(How to complete this task) Copy the complete listing word for word, but do not carry over any images.

(Supplied material)
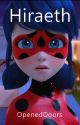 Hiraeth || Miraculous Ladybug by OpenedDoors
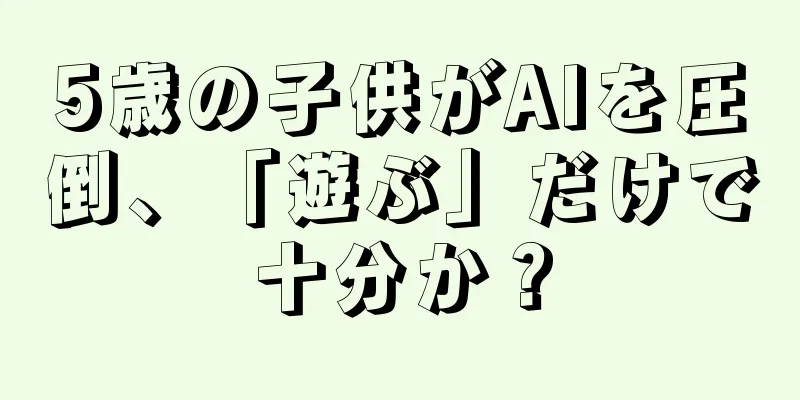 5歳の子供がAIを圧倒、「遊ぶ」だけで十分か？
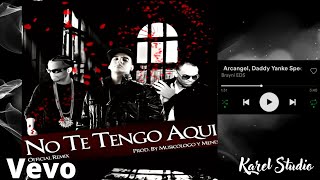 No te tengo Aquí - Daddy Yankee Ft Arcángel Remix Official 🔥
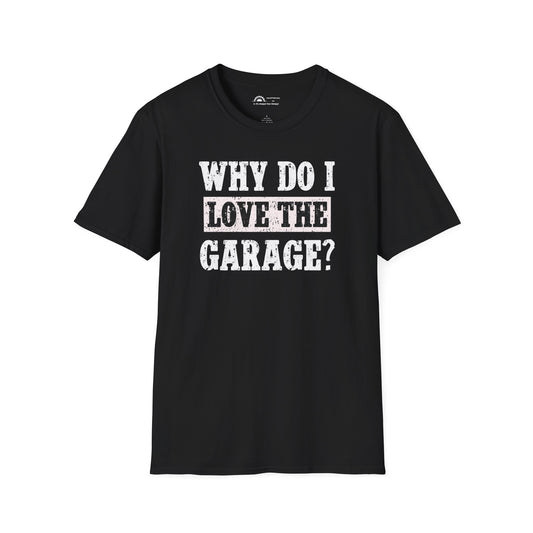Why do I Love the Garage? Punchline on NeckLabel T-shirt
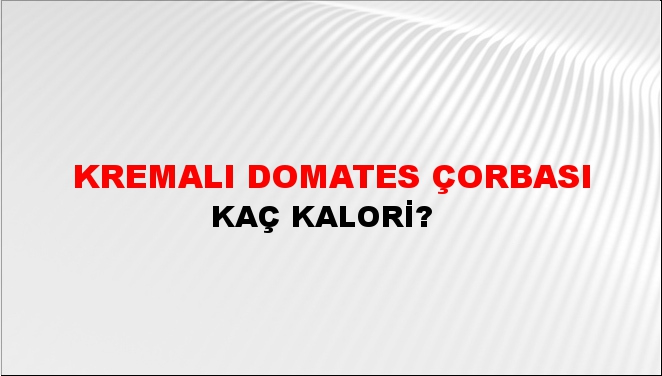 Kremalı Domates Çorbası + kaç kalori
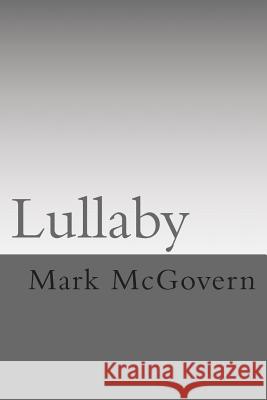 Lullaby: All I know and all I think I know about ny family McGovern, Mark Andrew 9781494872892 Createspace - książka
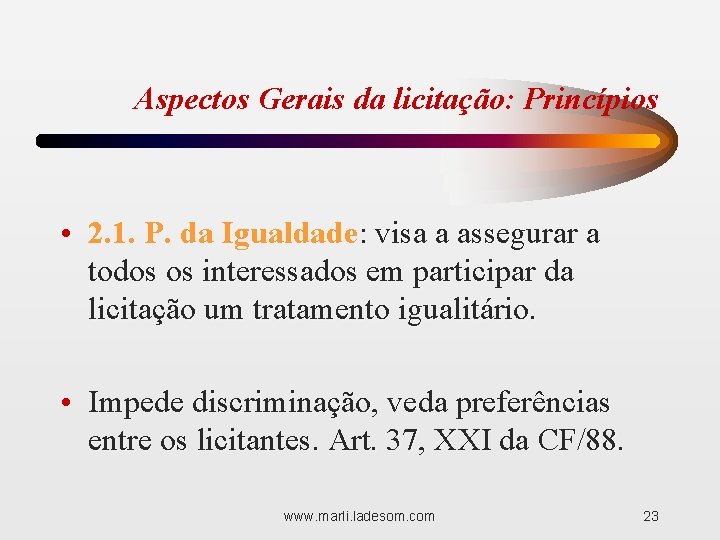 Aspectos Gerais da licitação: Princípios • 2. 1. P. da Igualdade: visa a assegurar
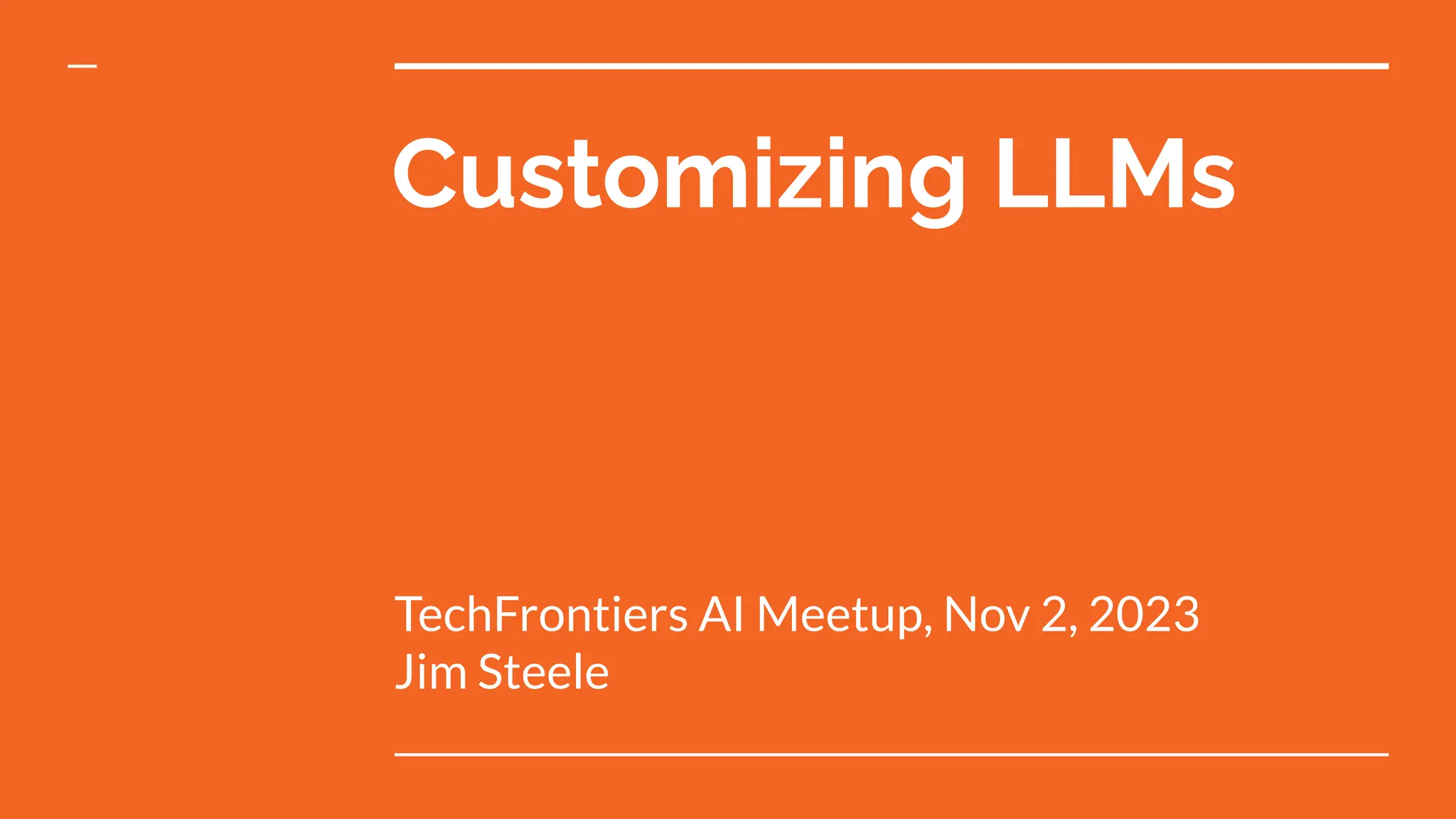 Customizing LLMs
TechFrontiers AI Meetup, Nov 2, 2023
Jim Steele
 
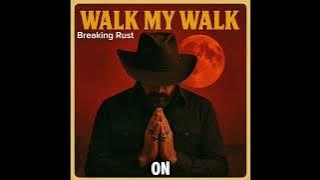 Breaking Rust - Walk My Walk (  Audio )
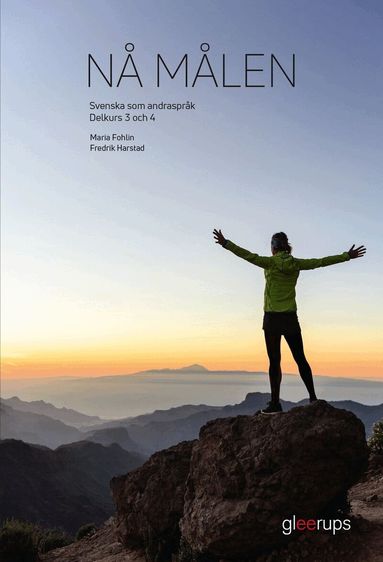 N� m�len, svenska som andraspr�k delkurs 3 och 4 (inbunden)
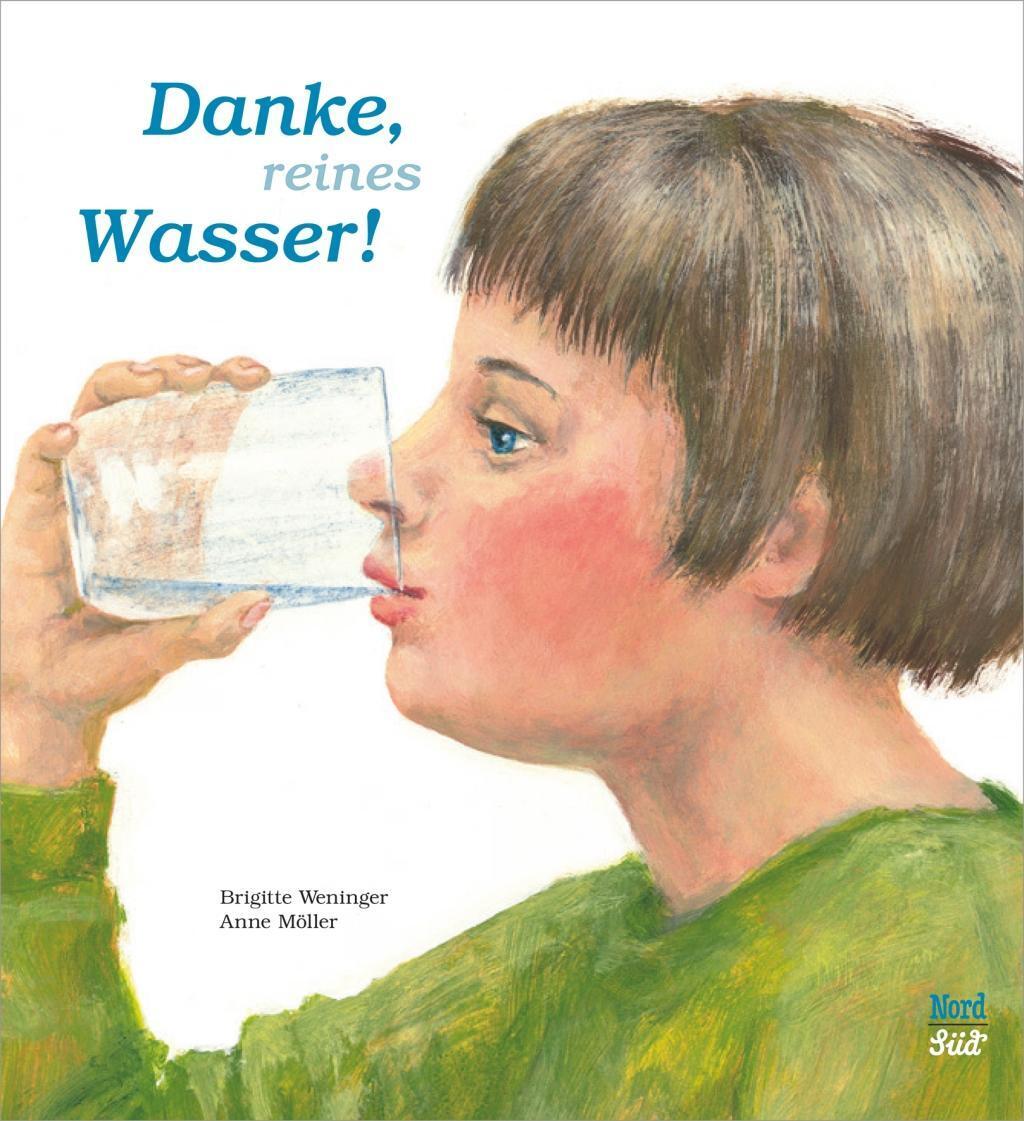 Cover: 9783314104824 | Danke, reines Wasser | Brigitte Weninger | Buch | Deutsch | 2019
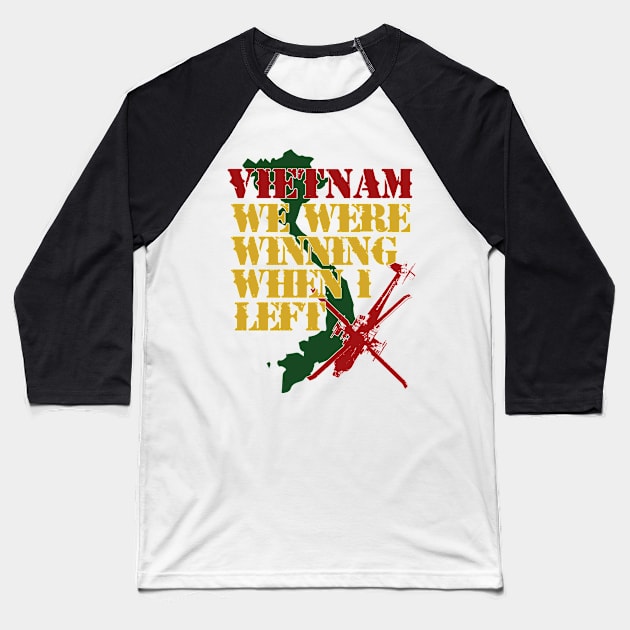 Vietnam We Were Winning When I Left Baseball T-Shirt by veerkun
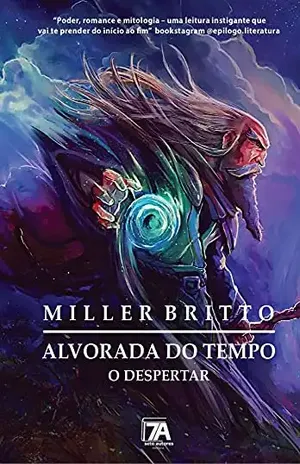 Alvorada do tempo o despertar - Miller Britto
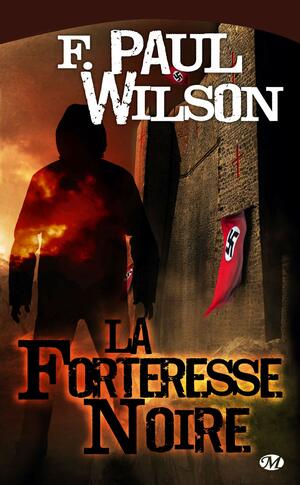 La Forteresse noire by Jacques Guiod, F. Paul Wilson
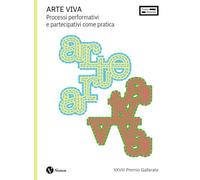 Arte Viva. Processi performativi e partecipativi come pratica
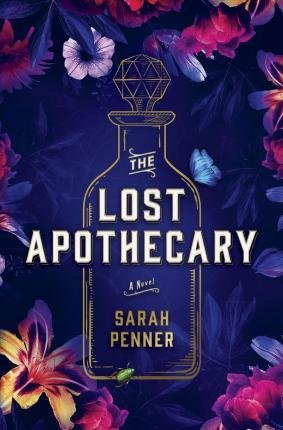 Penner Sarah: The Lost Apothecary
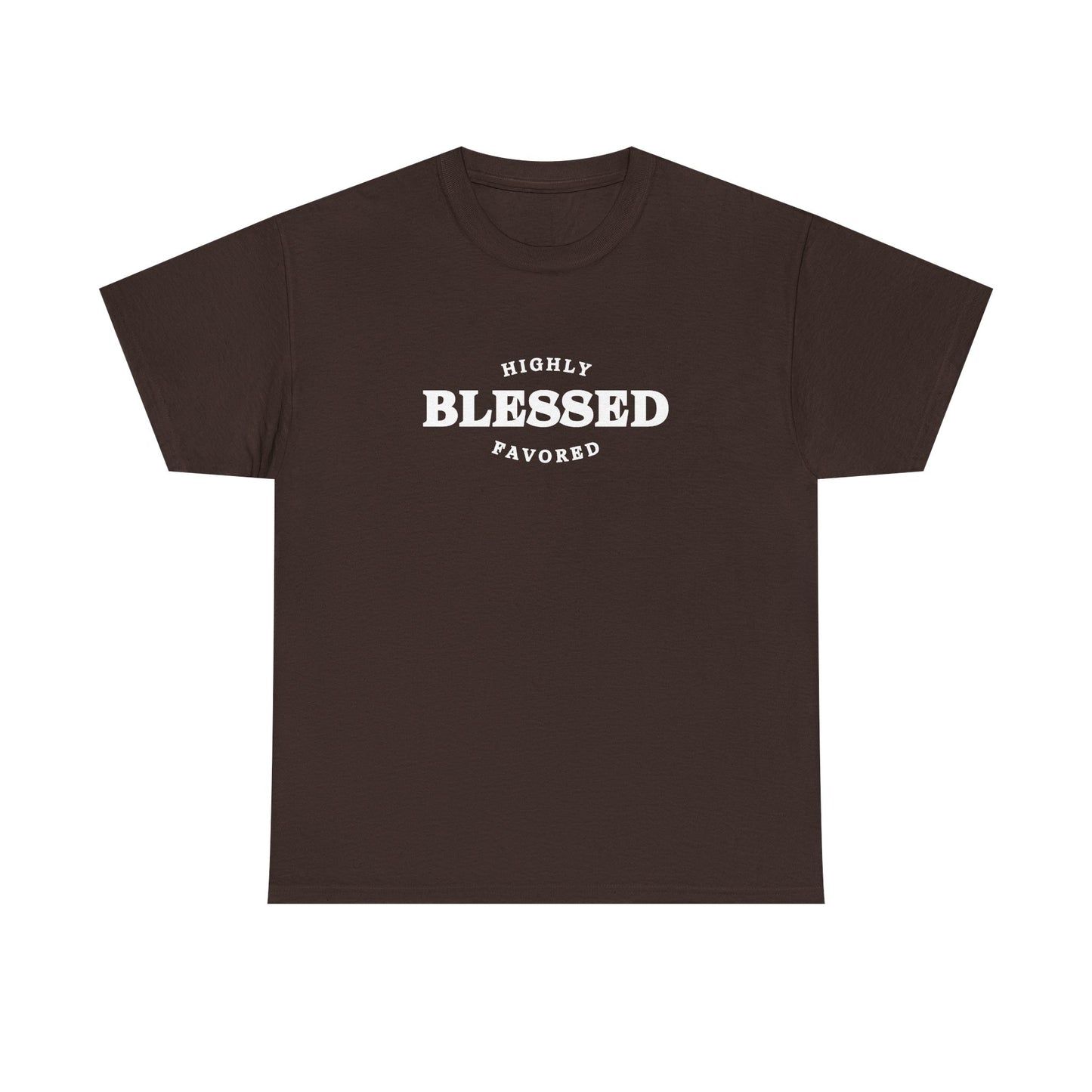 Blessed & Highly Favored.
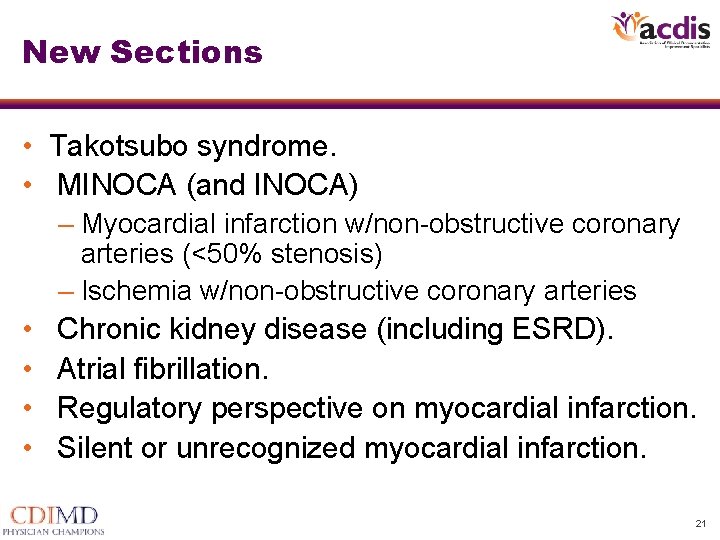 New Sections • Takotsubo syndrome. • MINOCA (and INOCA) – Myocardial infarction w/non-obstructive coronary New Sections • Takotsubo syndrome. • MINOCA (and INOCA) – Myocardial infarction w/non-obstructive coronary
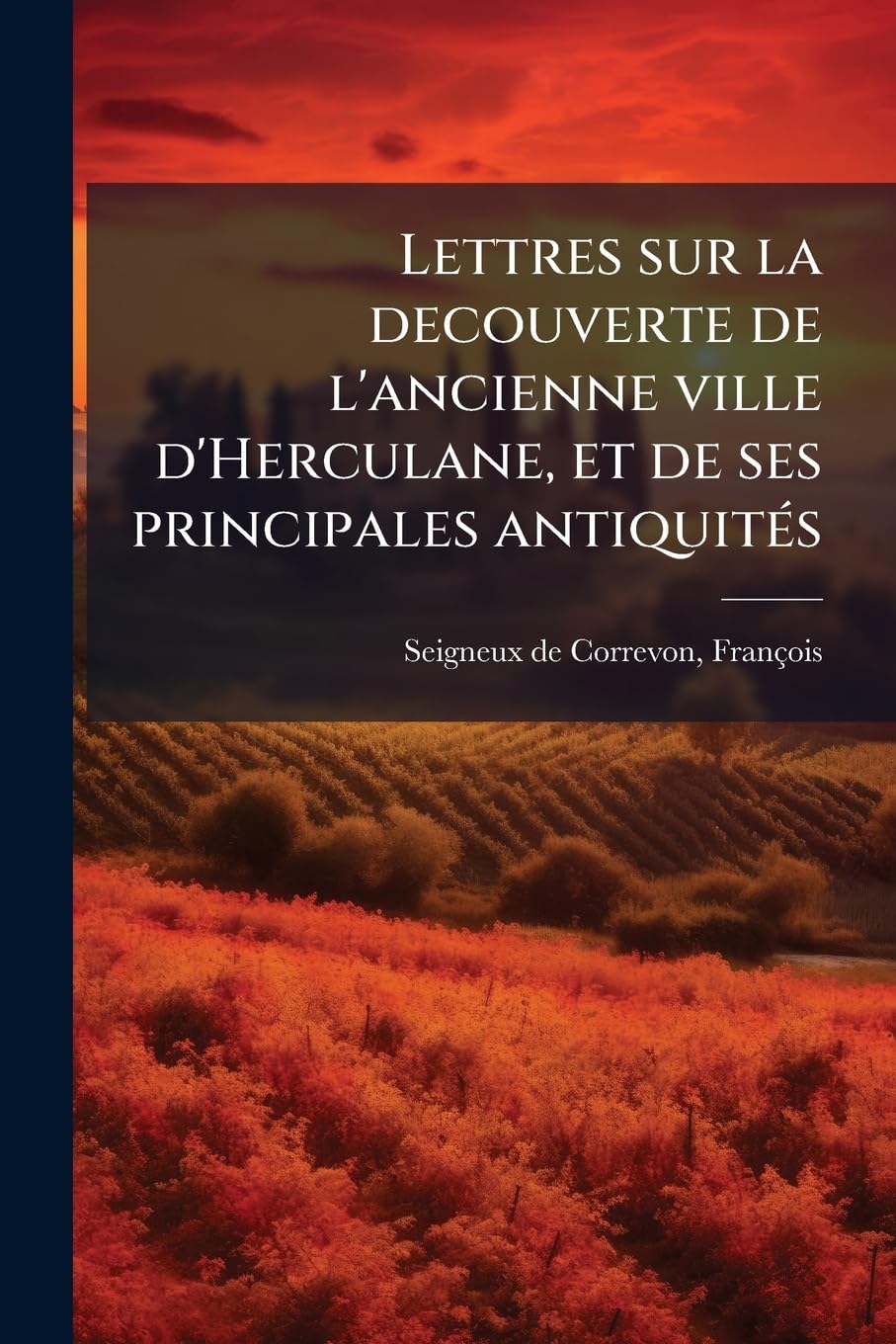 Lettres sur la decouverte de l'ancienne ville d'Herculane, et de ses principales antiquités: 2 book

(Solution for this problem)
 Hiraeth || Miraculous Ladybug by OpenedDoors
 5歳の子供がAIを圧倒、「遊ぶ」だけで十分か？
 No te tengo Aquí - Daddy Yankee Ft Arcángel Remix Official 🔥
Why do I Love the Garage? Punchline on NeckLabel T-shirt
 Kremalı Domates Çorbası + kaç kalori
 Lullaby: All I know and all I think I know about ny family McGovern, Mark Andrew 9781494872892 Createspace - książka
 Aspectos Gerais da licitação: Princípios • 2. 1. P. da Igualdade: visa a assegurar
 Customizing LLMs
TechFrontiers AI Meetup, Nov 2, 2023
Jim Steele
 
 Breaking Rust - Walk My Walk (  Audio )
 N� m�len, svenska som andraspr�k delkurs 3 och 4 (inbunden)
 Cover: 9783314104824 | Danke, reines Wasser | Brigitte Weninger | Buch | Deutsch | 2019
 Vietnam We Were Winning When I Left Baseball T-Shirt by veerkun
 Alvorada do tempo o despertar - Miller Britto
 La Forteresse noire by Jacques Guiod, F. Paul Wilson
 Arte Viva. Processi performativi e partecipativi come pratica
 Penner Sarah: The Lost Apothecary
 Blessed & Highly Favored.
 New Sections • Takotsubo syndrome. • MINOCA (and INOCA) – Myocardial infarction w/non-obstructive coronary New Sections • Takotsubo syndrome. • MINOCA (and INOCA) – Myocardial infarction w/non-obstructive coronary
 Lettres sur la decouverte de l'ancienne ville d'Herculane, et de ses principales antiquités: 2 book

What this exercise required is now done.